News Release

Better diagnosis of fungal infections key to reducing antibiotic resistance

Report warns ignoring fungal disease worldwide leads doctors to overprescribe antibiotics

Peer-Reviewed Publication

Rutgers University

Poor diagnosis worldwide of fungal disease causes doctors to overprescribe antibiotics, increasing harmful resistance to antimicrobial drugs, according to a paper published today in Emerging Infectious Diseases.

"Inadequate attention is paid to fungal infection as the cause of antibacterial treatment failure," the authors, members of the Global Action Fund for Fungal Infections (GAFFI), write in a call for improved fungal disease diagnosis.

Antibiotic resistance is one of the biggest threats to global health, according to the World Health Organization. It is linked to 23,000 deaths per year and nearly $25 billion in excess health care costs in the United States alone, where the U.S. Centers for Disease Control is heading a $160 million, 50-state initiative to combat antibiotic-resistant bacteria. Paying closer attention to underlying fungal infections is necessary to reduce drug resistance, the paper concludes.

"If we're trying to deliver globally on a comprehensive plan to prevent antimicrobial resistance, and we're treating blindly for fungal infections that we don't know are present with antibiotics, then we may inadvertently be creating greater antibiotic resistance," said David Perlin, a lead author and executive director of Rutgers New Jersey Medical School's Public Health Research Institute.

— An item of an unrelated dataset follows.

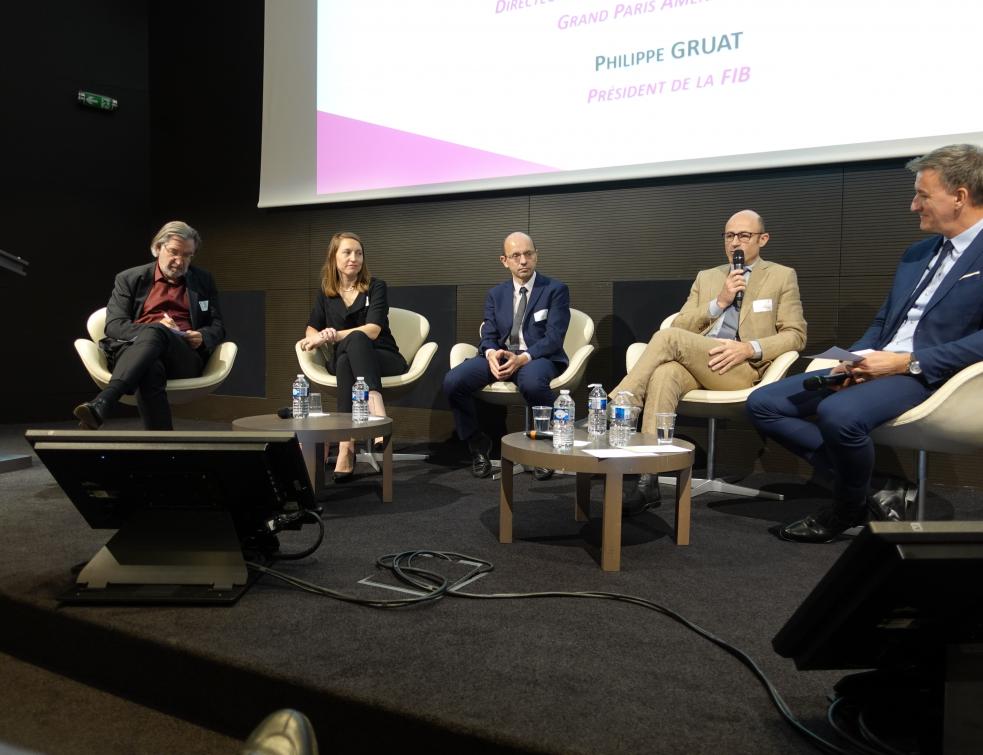 Urgence climatique : l’industrie du béton se pose des questions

Inexpensive, rapid diagnostic tests are available for important fungal infections but are not being widely used, Perlin said. Better training is needed to encourage health care practitioners to test for fungal infections so the correct drugs are administered.

The report cites four common clinical situations in which a lack of routine diagnostic testing for fungal diseases often worsens the problem:

  • Many people diagnosed with tuberculosis of the lungs don't have TB - known as smear negative cases - but are treated ineffectively with costly TB drugs. A simple antibody test can pick up the fungus Aspergillus, which can be treated by antifungal drugs rather than unnecessary anti-TB antibiotics. In 2013, more than 2.7 million smear-negative TB cases were reported to the World Health Organization.

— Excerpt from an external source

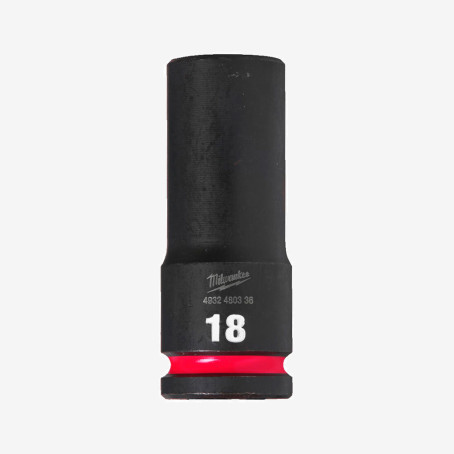 Головка ShW 1/2'' SKT MILWAUKEE удлиненная, 18мм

  • Inaccurate diagnosis of fungal sepsis in hospitals and intensive care units results in inappropriate use of broad-spectrum antibacterial drugs in patients with invasive candidiasis, fungal infections caused by yeasts.

  • Fungal asthma is often misdiagnosed as COPD (chronic obstructive pulmonary disease) and treated with antibacterial drugs and steroids. Of more than 200 million asthma sufferers, an estimated 6 million to 15 million have fungal asthma, which can be diagnosed with skin testing or blood tests and responds to antifungal agents, not antibiotics, the report notes.

  • Overtreatment and undertreatment of Pneumocystis pneumonia (PCP) in HIV-positive patients. The report estimates 400,000 patients with PCP go undiagnosed while more than 2 million mistakenly receive noxious PCP therapy.

Fungal infections, often undiagnosed, result in 1.5 million deaths a year. GAFFI launched in 2013 to promote global awareness of fungal disease as a major cause of deaths worldwide.

"Fungal disease diagnostics are critical in the AMR fight and will improve survival from fungal disease across the world," said David Denning, GAFFI president and a professor of infectious diseases in global health at the University of Manchester. "The close link between fungal diagnostics and antibacterial prescribing needs a great deal more attention."